After welcomes by Thierno Thiam and Robert Zabawa, and introductions by the more than 20 students, we jumped into a lively engagement moderated by Judy Stallmann, University of Missouri, with government structure sharing from the students representing the various countries including Canada, Ghana, Nepal, Bangladesh, Nigeria, Jamaica, Trinidad & Tobago, France, Spain, Mexico, the United States, and others.
Thierno Thiam than introduced a 3-person guest speaker panel from local and state of Alabama governments Lawrence ‘Tony’ Haygood, Mayor of the City of Tuskegee; Andrew Thompson, Commissioner in Macon County, and Anita Archie, Alabama Department of Economic and Community Affairs.
Ray Bollman, Brandon University and Robert Zabawa, Tuskegee University, opened presentations on ‘What is Rural?’ – including definitions of rural and rurality, rural policy, rural development, and rural indicators; introduced the Southern Black Belt counties in Alabama; and ended with the questions – Where does RURAL fit into the cause and effect equation? Is it a CAUSE? Or an OUTCOME? – Or does it matter? (Yes! – author note!).

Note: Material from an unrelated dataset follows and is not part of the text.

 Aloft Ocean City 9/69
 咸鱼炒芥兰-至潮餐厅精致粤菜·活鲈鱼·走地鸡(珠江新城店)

Country Examples of ‘What is Rural? were presented by Gabino Nava-Bernal, Universidad Autonoma del Estado de México for Mexico, Wayne Kelly for Canada, and Philomena De Lima for Scotland.
A great special Tuskegee Achieves tour was given by Dana Chandler, Tuskegee University, with special kudos for Cheryl.
What a great Day 1 completed with an afternoon rain shower!
(If needed, submitted by Donna Davis, University of Missouri)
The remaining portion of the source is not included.